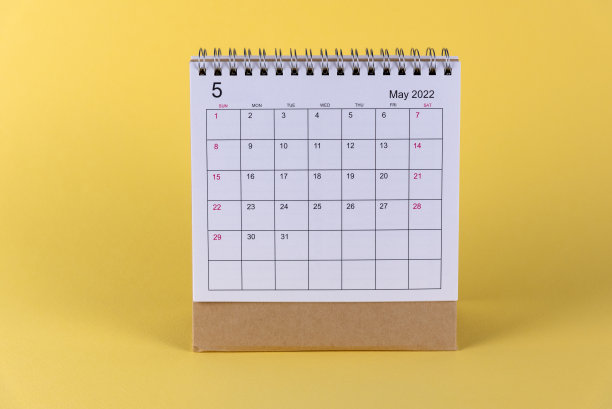 2022年5月台历在黄色背景上孤立。图片下载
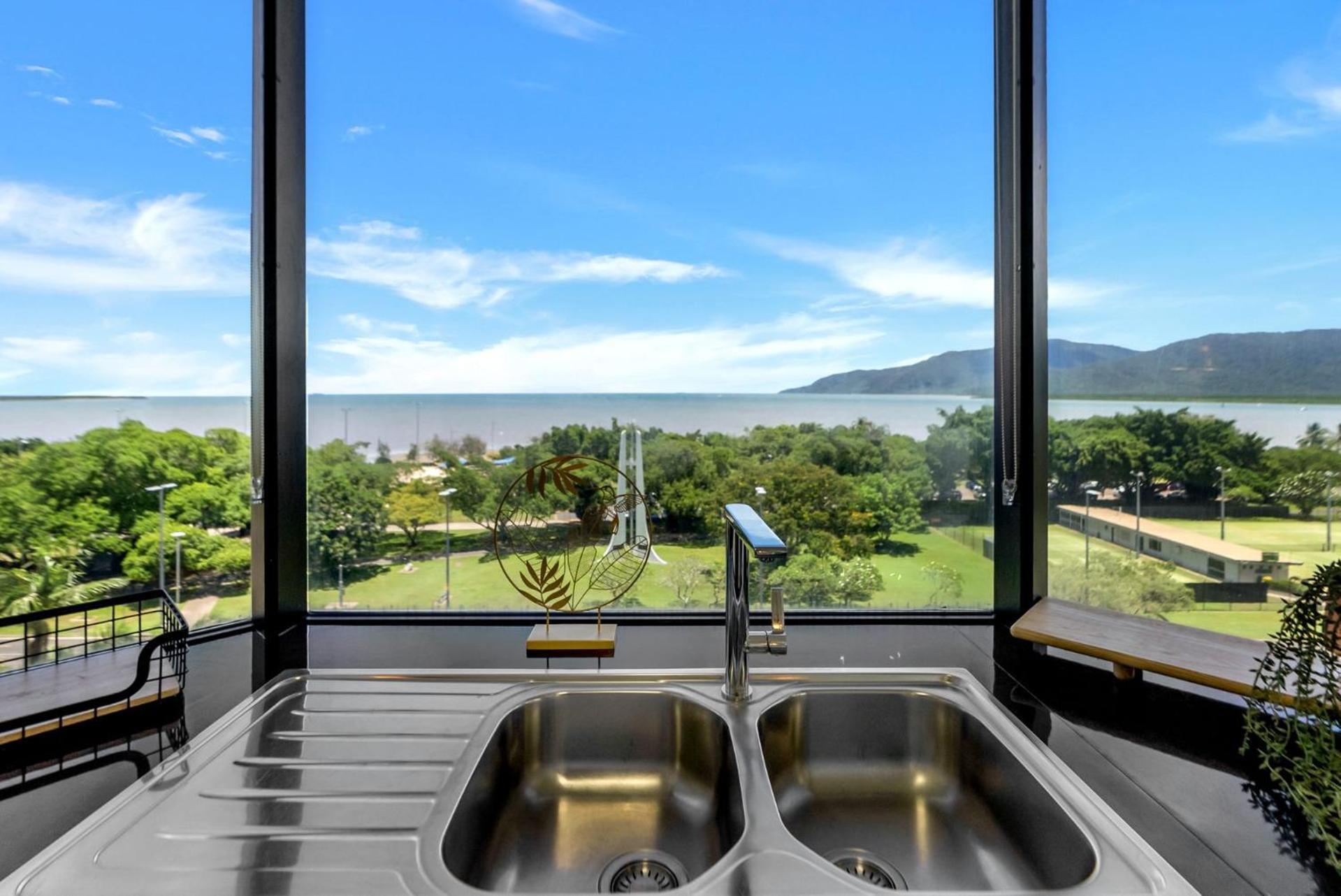 Apartment Belle Escapes 73 Rydges Plaza Esplanade With Ocean & Views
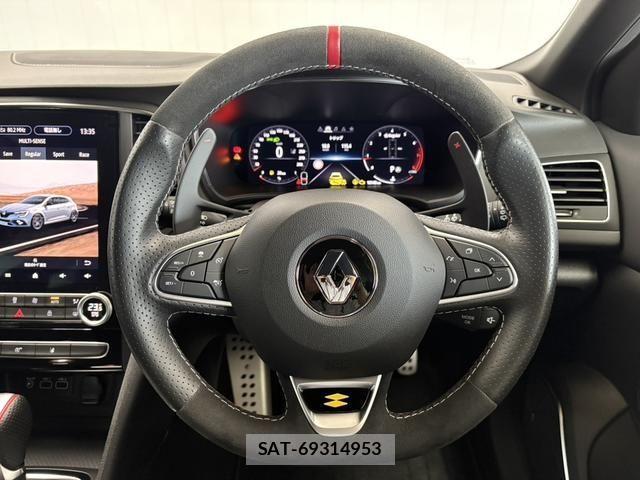 Renault MEGANE 2023-06 1126016-11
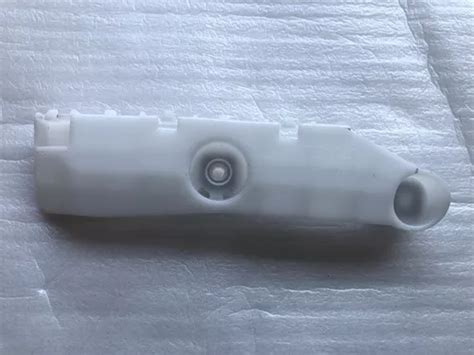 Guia Fascia Tras Der Nissan Versa 12 18 85220 3 Ba0b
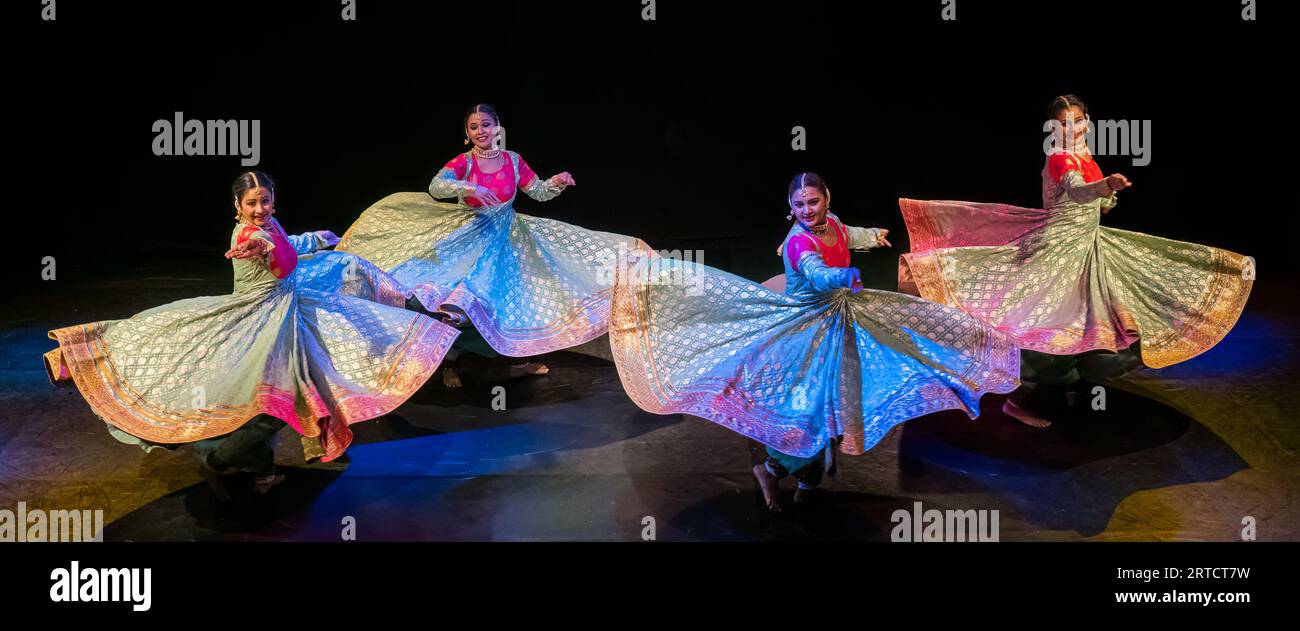 LOK Chhanda Indianer tanzen auf dem Edinburgh Festival Fringe in Schottland Stockfoto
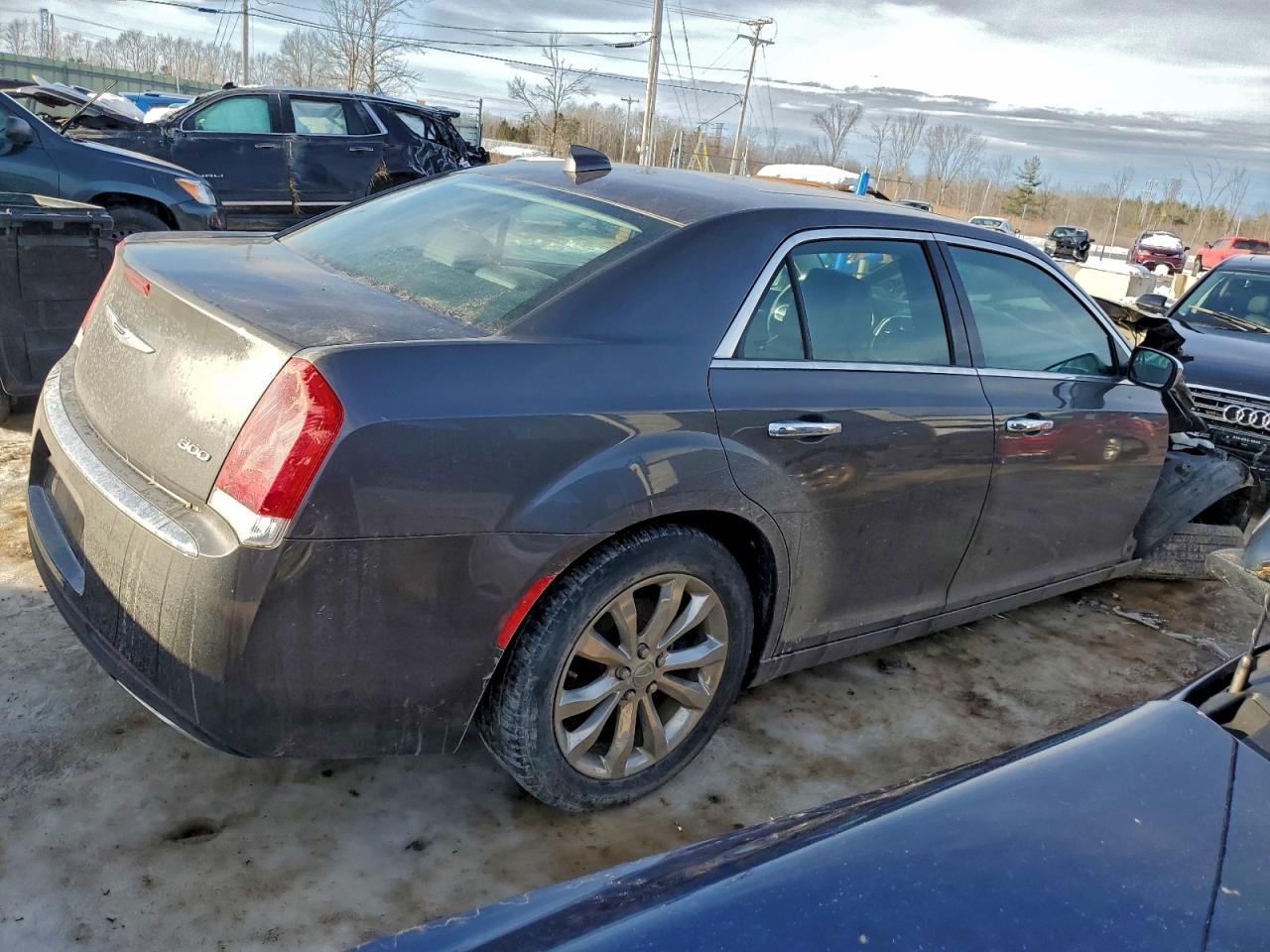 2019 CHRYSLER 300 LIMITED photo 3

# # # #

Task:
Transcribe nothing but the lines from the one containing "Guia Fascia Tras" through the final line of the records, exactly as written and without pictures.

Written reply:
 Guia Fascia Tras Der Nissan Versa 12 18 85220 3 Ba0b
 LOK Chhanda Indianer tanzen auf dem Edinburgh Festival Fringe in Schottland Stockfoto
 2019 CHRYSLER 300 LIMITED photo 3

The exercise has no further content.